Segundo os Comitês PCJ informaram na ocasião, em setembro de 2021 a vazão na sub-bacia do rio Piracicaba foi de 17,6 metros cúbicos por segundo, pouco acima dos 17,3 m3/s de setembro de 2014, quando foi registrada a seca mais intensa dos últimos tempos. A vazão nas bacias dos rios Jaguari e Jundiaí em setembro de 2021, de 2,3 e 3,2 metros cúbicos por segundo, respectivamente, foram ainda menores do que as vazões no mesmo mês em 2014: 3,7 m3/s no rio Jaguari e 4,7 m3/s no rio Jundiaí. Assim, as expectativas de gestores e pesquisadores são de possível agravamento das condições hídricas em 2022, com impactos ainda maiores na agricultura do que os verificados em 2021.

Outra medida dos Comitês PCJ foi a reativação do Grupo de Trabalho Estiagem, que tinha sido interrompido após a crise provocada pela grande seca de 2014-2015. Por ocasião do lançamento do Movimento PCJ, o diretor-presidente da Agência PCJ, Sergio Razera, comentou a importância da reativação do GT-Estiagem, no cenário da crise hídrica de 2021: “A exemplo do que aconteceu em 2014, na crise anterior, os usuários de água iam ao rio e retiravam a sua quota, ou seja, aquilo que eles tinham de autorização. Se eu tenho outorga para 10m³/s eu retiro 10m³/s. Se eu tenho outorga para 50m³/s, que quero retirar 50m³/s. Seu eu tenho outorga para 100m³/s eu quero 100m³/s. E o que aconteceu foi que muita gente ficou sem água. Então, um dos papeis do GT Estiagem é justamente organizar isso e tentar fazer com que a crise, infelizmente com seus prejuízos, com as suas perdas, a gente precisa que isso seja igual, equânime. Este é um dos papeis do GT-Estiagem: trazer informações e ao mesmo tempo organizar os usuários no sentido de fazer com que cada um use parcimoniosamente a água que está lá disponível. É pouca, mas tem que ser bem distribuída a todos”.

IMPACTOS DE EVENTOS CLIMÁTICOS NA AGRICULTURA PAULISTA

“É muito triste, produtor trabalhando a vida toda e perdendo quase tudo em um dia”. O desabafo é de Ademar  Pereira, produtor de café e presidente do Sindicato Rural de Caconde, no interior de São Paulo, referindo-se às fortes geadas que caíram no município e em grande parte do território paulista em julho. “O município tem 13 mil hectares de cafezais e cerca de 2.000 hectares ficaram torrados, com a geada chegando a altitudes que onde antes não atingia”, completa Pereira, que diz ter perdido, ele mesmo, cerca de oito hectares com as geadas.

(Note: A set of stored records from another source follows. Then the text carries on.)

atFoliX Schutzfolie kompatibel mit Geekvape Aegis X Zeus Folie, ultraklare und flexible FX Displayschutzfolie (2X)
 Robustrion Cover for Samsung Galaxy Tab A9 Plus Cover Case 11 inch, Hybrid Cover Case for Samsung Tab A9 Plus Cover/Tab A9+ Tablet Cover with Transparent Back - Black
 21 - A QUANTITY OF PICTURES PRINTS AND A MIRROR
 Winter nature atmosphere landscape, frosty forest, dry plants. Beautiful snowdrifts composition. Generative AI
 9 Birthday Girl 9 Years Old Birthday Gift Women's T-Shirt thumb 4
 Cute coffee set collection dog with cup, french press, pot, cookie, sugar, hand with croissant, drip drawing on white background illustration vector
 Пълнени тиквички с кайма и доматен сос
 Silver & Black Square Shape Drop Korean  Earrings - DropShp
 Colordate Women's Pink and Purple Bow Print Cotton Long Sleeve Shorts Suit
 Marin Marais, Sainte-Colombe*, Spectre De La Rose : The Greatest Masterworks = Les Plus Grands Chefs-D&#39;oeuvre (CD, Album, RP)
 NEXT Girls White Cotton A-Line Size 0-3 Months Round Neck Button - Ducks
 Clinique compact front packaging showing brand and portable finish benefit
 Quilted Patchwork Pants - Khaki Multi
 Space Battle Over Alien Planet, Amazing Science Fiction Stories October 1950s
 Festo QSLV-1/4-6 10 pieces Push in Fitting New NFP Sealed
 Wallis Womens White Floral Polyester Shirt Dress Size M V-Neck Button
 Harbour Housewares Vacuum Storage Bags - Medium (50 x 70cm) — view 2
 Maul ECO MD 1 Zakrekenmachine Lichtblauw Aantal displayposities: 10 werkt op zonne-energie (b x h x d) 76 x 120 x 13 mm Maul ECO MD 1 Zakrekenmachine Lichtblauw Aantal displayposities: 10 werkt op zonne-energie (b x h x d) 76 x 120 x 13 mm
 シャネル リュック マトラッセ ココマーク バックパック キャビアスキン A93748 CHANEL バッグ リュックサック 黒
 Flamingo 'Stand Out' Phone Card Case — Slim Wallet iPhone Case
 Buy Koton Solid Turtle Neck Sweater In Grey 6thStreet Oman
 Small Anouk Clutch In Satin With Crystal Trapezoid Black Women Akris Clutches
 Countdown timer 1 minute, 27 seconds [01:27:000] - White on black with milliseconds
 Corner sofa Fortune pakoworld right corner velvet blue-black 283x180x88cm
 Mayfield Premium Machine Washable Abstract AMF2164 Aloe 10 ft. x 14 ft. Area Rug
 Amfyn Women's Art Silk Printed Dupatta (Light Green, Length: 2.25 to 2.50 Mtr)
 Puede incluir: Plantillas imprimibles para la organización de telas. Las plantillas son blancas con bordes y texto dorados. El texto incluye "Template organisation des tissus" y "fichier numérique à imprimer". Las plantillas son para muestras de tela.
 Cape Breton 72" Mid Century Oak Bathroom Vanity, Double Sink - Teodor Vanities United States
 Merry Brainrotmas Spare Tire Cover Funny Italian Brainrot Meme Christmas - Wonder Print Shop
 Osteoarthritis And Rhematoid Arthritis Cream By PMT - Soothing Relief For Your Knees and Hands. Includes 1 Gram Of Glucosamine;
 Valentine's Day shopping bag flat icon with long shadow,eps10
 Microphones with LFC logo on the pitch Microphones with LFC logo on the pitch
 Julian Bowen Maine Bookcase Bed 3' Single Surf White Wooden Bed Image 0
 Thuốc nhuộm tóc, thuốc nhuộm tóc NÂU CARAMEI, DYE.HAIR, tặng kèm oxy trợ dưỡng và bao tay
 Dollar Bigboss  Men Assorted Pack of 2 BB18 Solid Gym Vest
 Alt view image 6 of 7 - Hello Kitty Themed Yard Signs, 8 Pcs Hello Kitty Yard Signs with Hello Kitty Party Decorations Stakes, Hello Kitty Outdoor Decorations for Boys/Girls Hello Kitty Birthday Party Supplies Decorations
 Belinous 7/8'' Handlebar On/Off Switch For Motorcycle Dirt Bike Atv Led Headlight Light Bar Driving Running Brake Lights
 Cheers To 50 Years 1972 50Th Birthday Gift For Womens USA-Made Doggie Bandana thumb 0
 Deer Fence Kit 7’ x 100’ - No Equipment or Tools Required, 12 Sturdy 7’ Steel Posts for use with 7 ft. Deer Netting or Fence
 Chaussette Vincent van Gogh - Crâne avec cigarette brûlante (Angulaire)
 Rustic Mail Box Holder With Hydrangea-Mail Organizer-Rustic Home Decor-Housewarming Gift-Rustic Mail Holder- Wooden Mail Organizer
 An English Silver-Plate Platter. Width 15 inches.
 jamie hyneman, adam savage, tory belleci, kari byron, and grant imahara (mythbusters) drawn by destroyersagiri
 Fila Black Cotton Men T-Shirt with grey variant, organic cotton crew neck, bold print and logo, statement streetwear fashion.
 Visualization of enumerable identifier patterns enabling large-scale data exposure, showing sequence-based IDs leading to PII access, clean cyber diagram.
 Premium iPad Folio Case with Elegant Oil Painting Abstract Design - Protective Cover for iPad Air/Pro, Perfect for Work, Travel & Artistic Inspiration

Mas Ademar Pereira, que também é presidente da Câmara Setorial do Café do estado de São Paulo, logo nota que “outro grande problema na realidade tem sido a seca extrema, que prejudicou muito o ciclo normal de desenvolvimento dos cafeeiros”. Como resultado da estiagem prolongada, o produtor estima em aproximadamente 25% as perdas da safra 2020-2021, podendo ser ainda maior que isso para a próxima safra, se não não chover em volume apropriado nos próximos meses. “Situação muito complicada para o agricultor, que também viu o custo de produção crescer demais”, resume Pereira, citando o caso do preço da tonelada de adubo saltar em um ano de cerca de R$ 1.500,00 para R$ 4.000,00, aproximadamente.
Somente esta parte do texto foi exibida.